(Short descriptive text snippets)
####

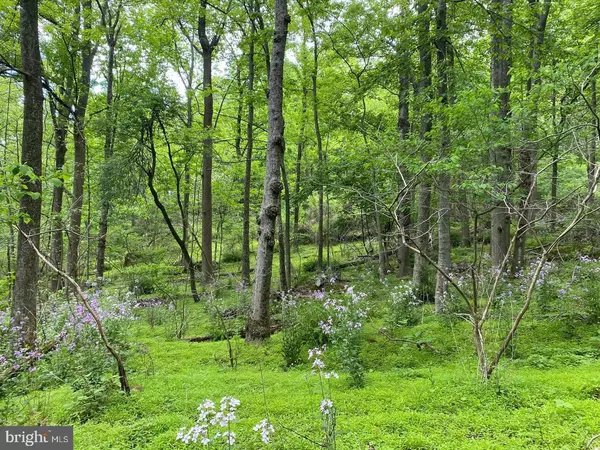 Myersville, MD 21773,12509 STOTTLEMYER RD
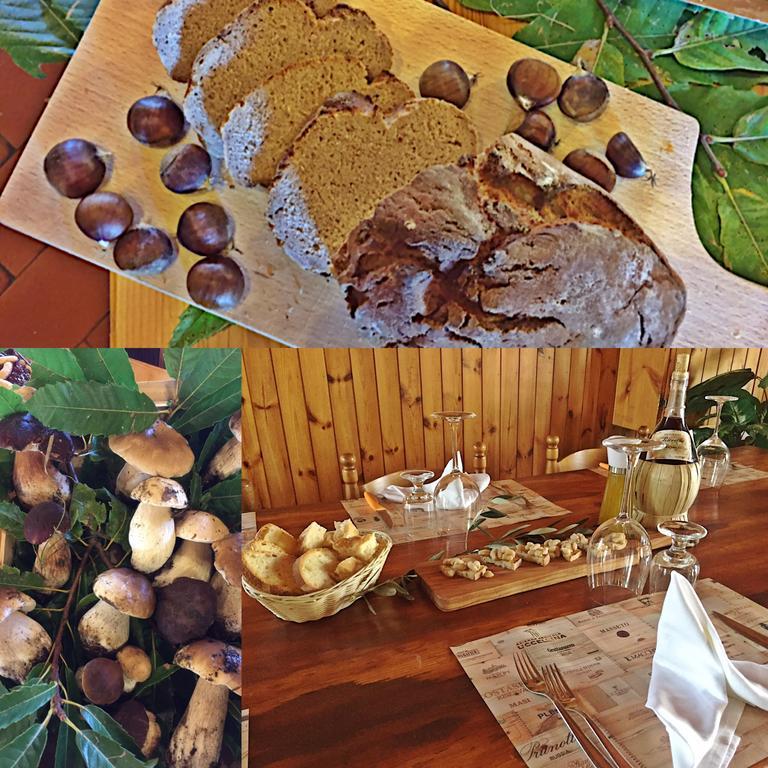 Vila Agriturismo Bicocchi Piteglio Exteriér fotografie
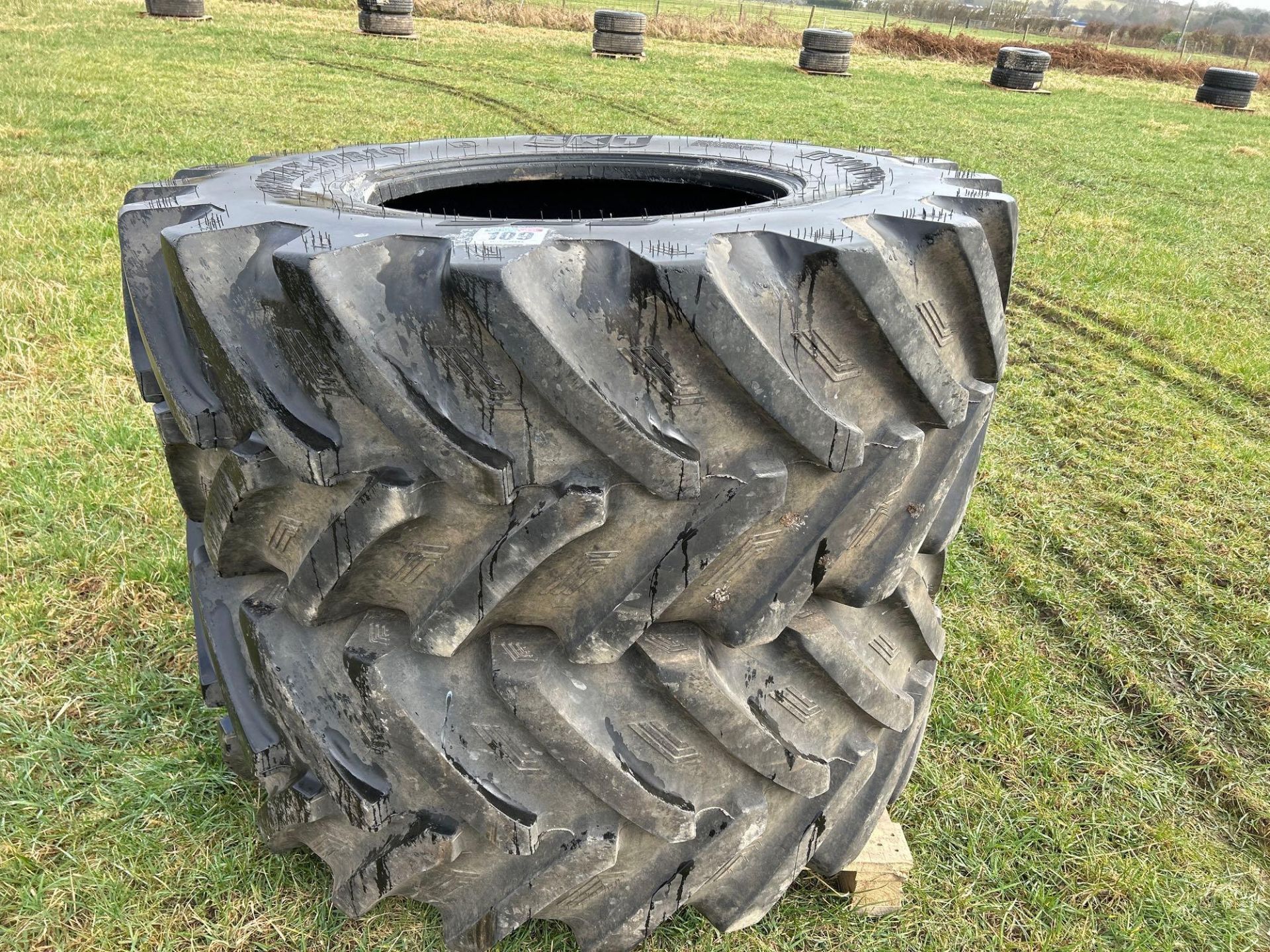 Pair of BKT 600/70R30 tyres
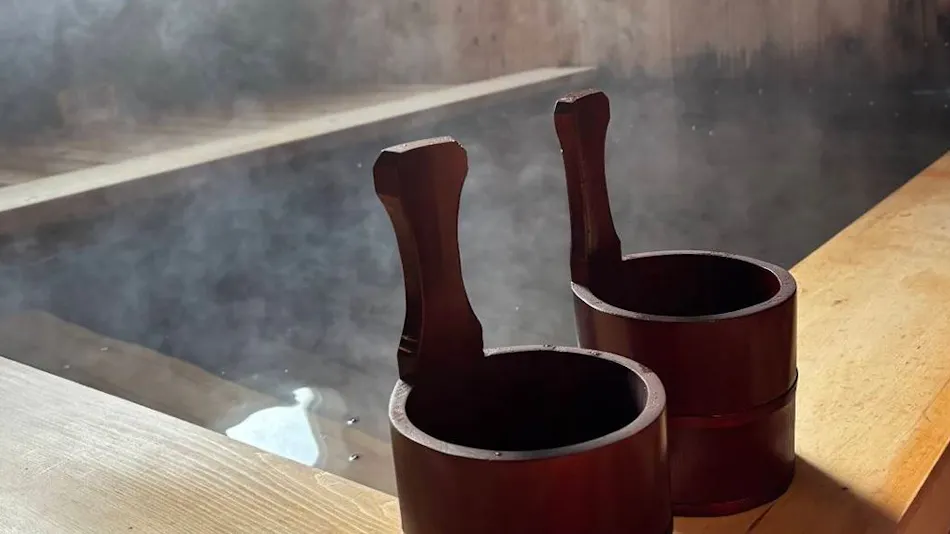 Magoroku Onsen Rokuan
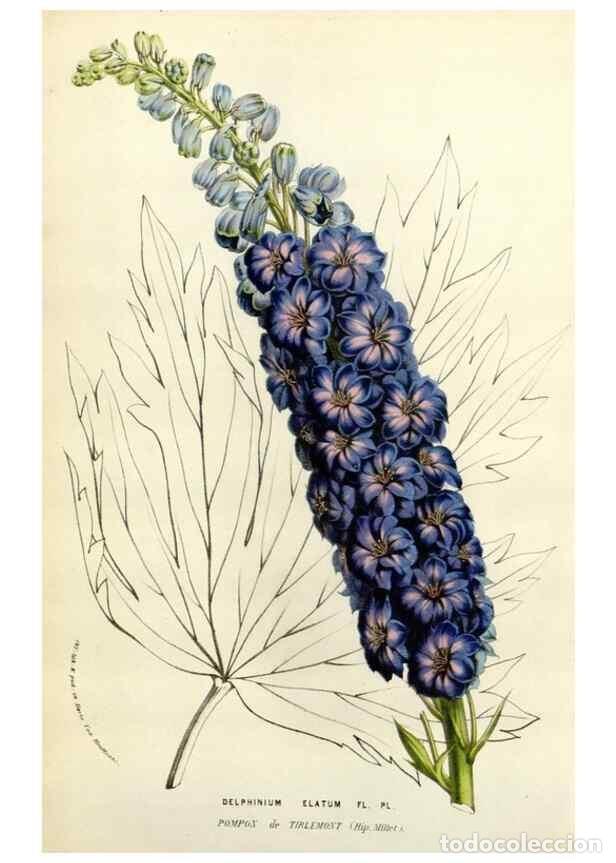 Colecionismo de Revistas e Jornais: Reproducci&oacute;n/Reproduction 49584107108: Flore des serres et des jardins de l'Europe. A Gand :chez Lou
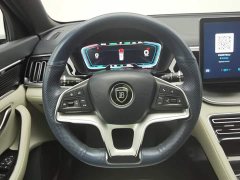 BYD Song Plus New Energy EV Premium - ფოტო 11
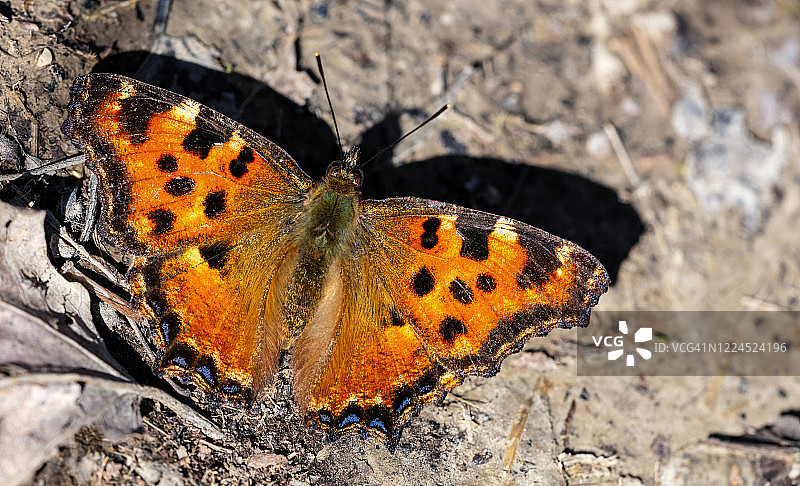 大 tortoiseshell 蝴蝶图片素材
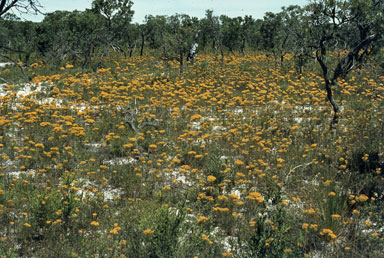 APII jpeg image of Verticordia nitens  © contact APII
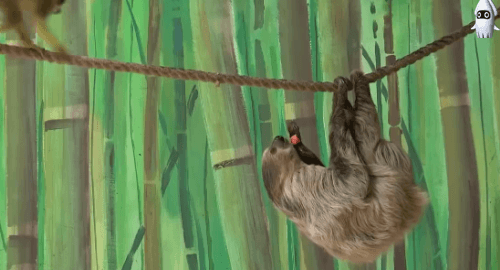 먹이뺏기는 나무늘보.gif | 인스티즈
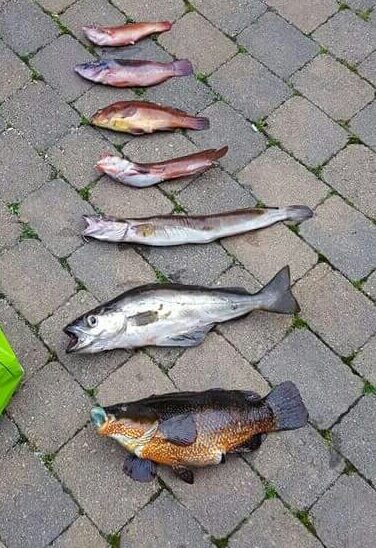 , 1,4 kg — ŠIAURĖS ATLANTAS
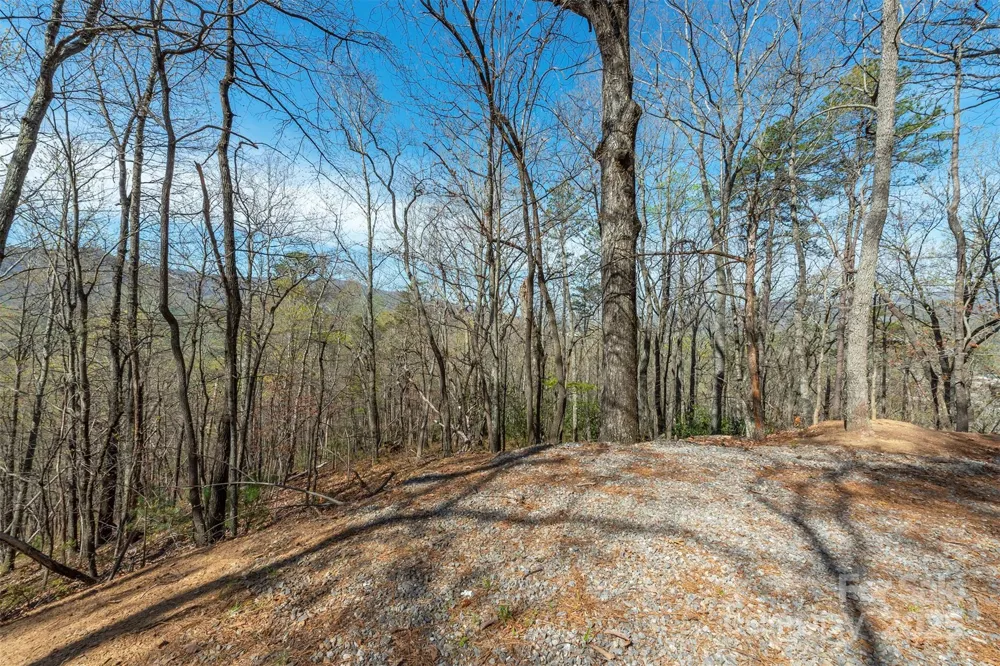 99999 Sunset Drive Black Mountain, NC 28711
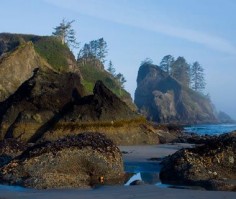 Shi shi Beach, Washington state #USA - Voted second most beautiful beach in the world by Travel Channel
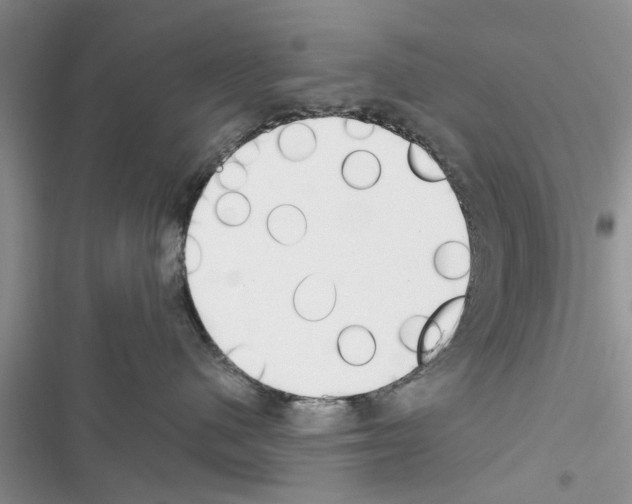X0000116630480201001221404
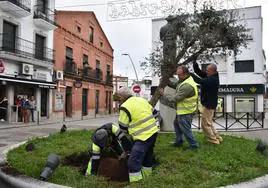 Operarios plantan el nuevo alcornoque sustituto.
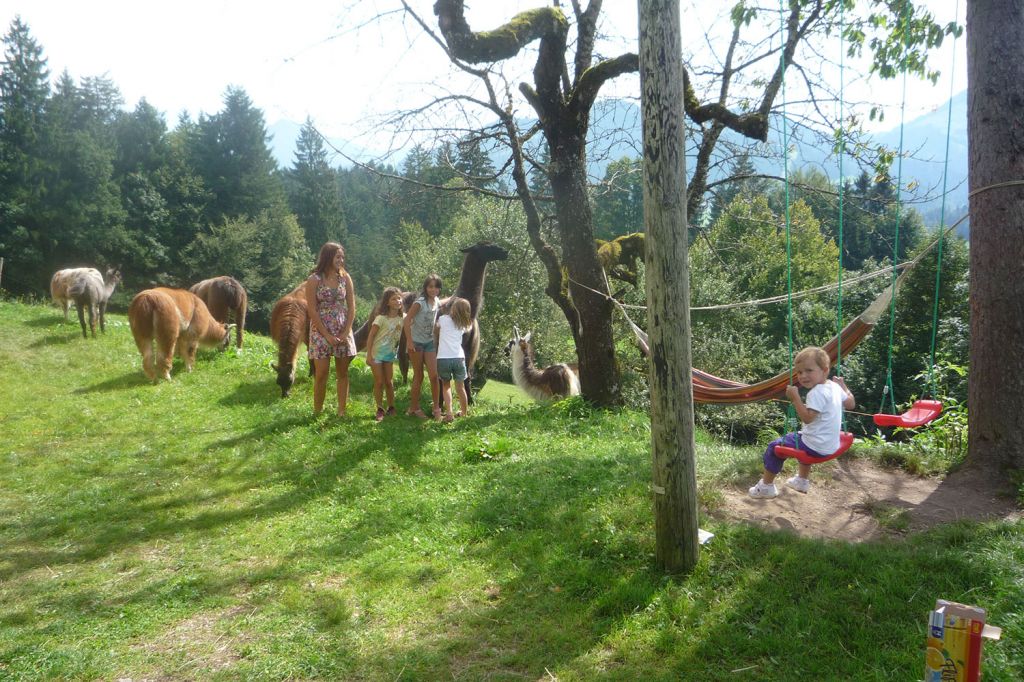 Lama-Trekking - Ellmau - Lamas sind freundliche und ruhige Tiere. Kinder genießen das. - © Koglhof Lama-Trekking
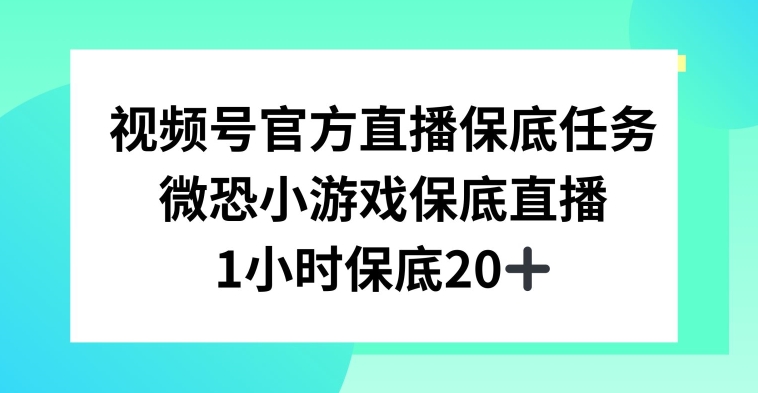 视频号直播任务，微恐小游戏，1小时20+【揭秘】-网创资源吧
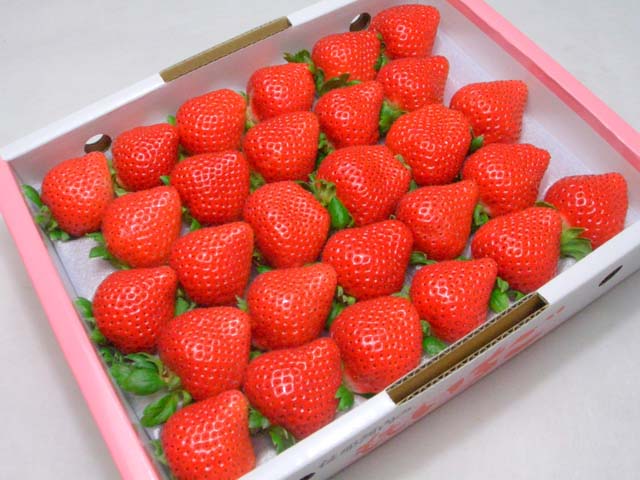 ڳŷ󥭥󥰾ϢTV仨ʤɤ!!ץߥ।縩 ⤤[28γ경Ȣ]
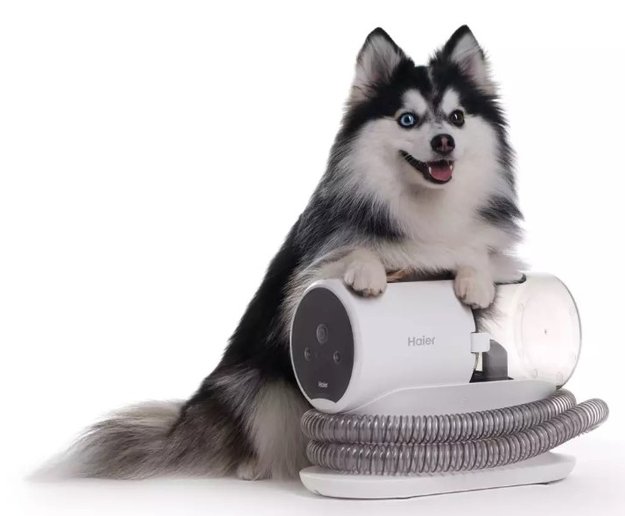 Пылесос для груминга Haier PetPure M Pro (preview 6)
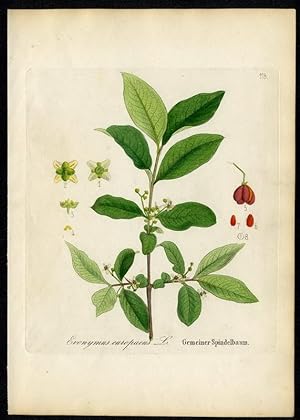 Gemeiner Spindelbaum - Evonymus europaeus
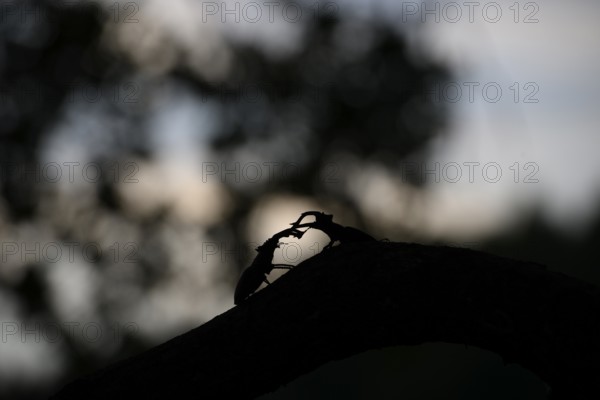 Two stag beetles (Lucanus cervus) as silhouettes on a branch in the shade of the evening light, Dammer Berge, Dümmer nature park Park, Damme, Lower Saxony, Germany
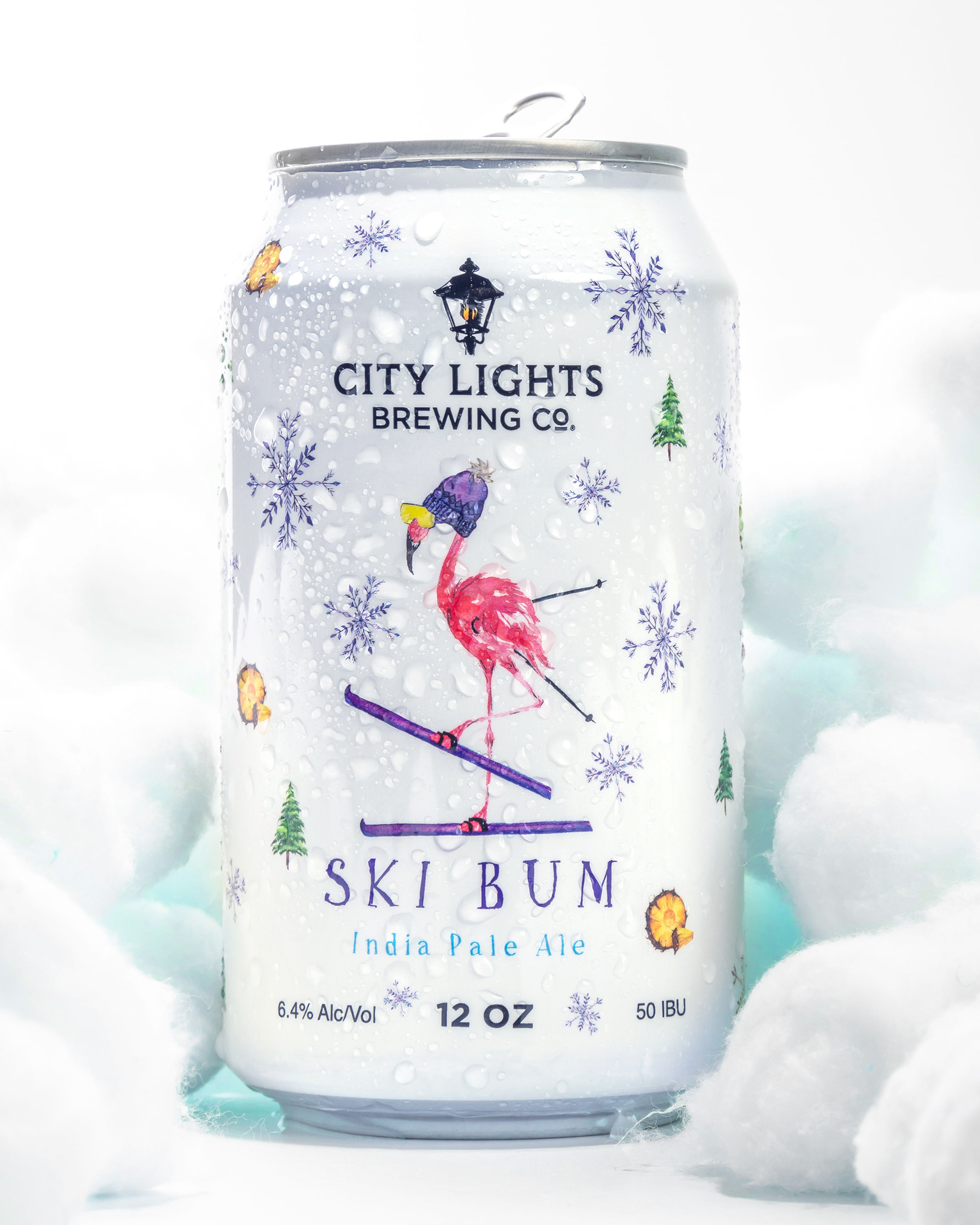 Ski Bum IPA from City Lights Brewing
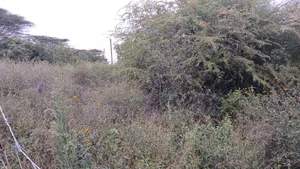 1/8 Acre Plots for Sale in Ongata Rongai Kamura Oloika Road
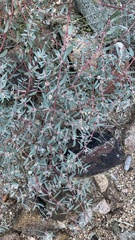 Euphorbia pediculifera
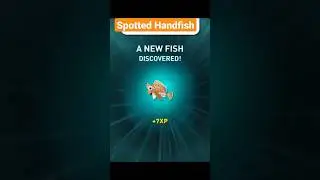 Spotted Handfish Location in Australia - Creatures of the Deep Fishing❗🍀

####

Print, exactly, each line above from the one with "Colecionismo de Revistas" to the one with "kg — ŠIAURĖS ATLANTAS", end lines included. Leave pictures out of it.

 Colecionismo de Revistas e Jornais: Reproducci&oacute;n/Reproduction 49584107108: Flore des serres et des jardins de l'Europe. A Gand :chez Lou
 BYD Song Plus New Energy EV Premium - ფოტო 11
 大 tortoiseshell 蝴蝶图片素材
 APII jpeg image of Verticordia nitens  © contact APII
 먹이뺏기는 나무늘보.gif | 인스티즈
 , 1,4 kg — ŠIAURĖS ATLANTAS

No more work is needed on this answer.